Work to be completed: Ignoring the pictures, copy the data exactly.

Given data:
^^^^^^^^

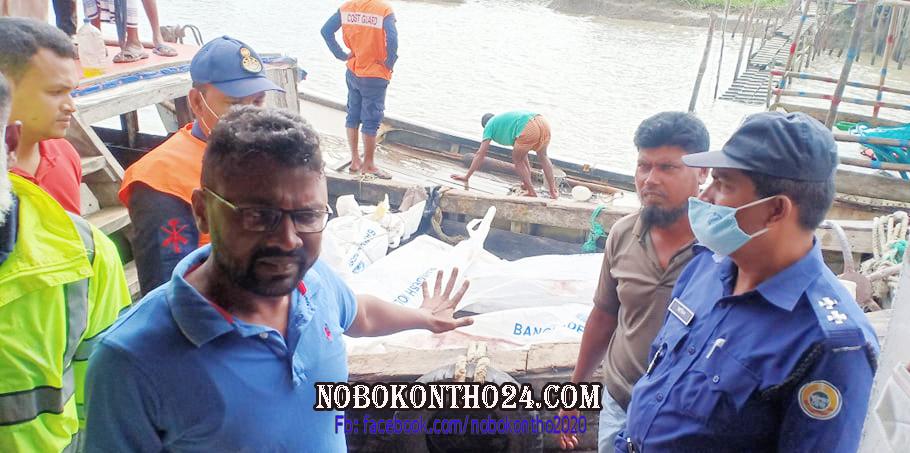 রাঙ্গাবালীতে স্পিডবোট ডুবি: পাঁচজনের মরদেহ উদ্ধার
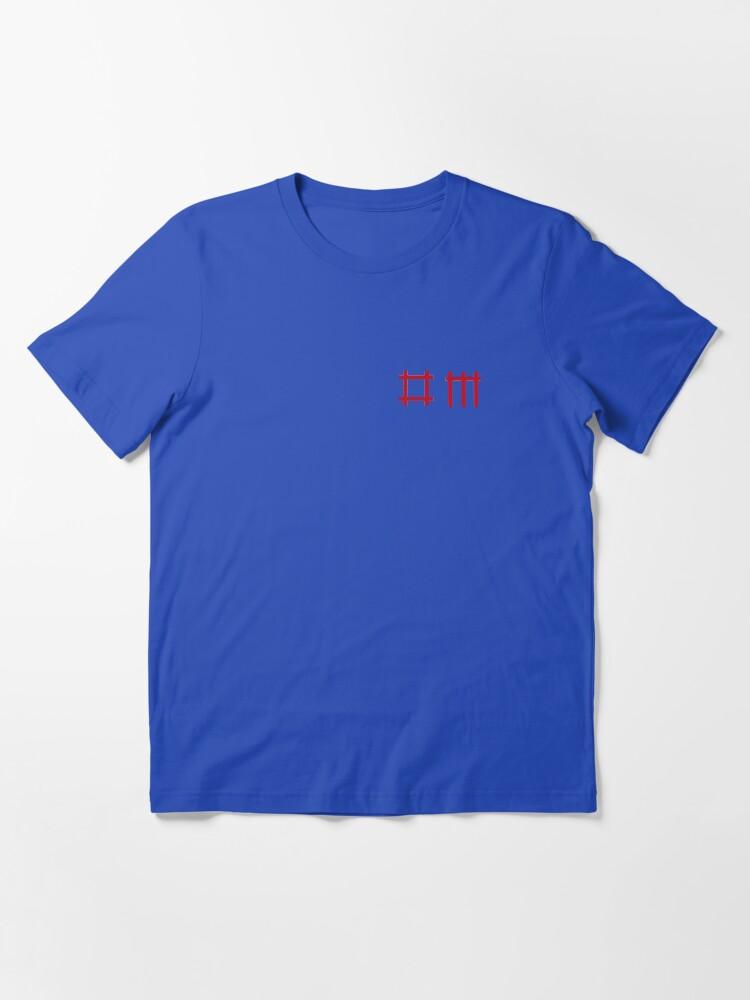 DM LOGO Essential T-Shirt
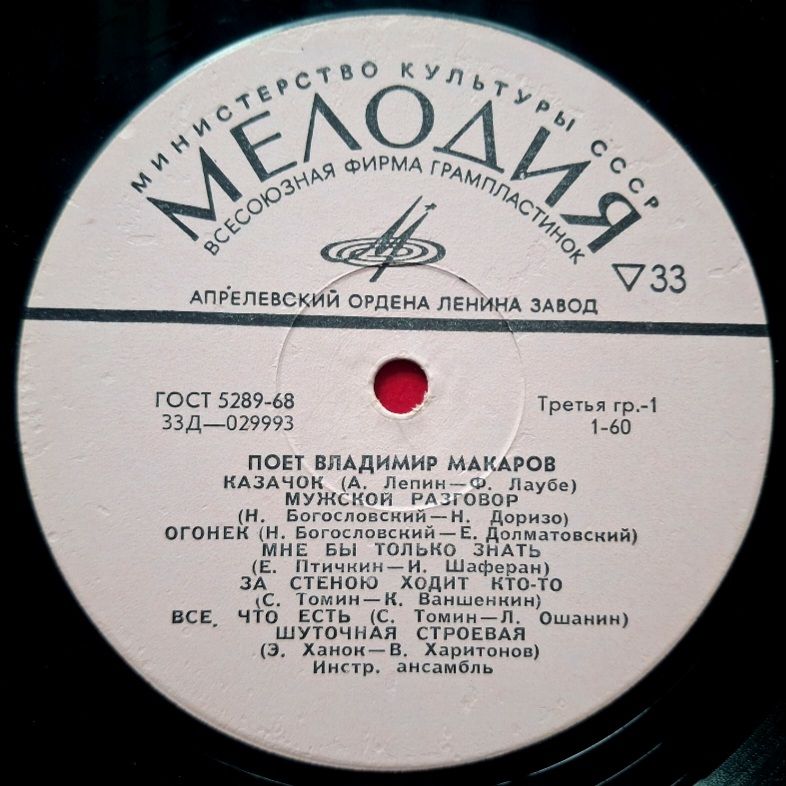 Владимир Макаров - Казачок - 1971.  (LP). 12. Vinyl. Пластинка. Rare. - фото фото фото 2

^^^^^^^^

Worked solution:
 রাঙ্গাবালীতে স্পিডবোট ডুবি: পাঁচজনের মরদেহ উদ্ধার
 DM LOGO Essential T-Shirt
 Владимир Макаров - Казачок - 1971.  (LP). 12. Vinyl. Пластинка. Rare. - фото фото фото 2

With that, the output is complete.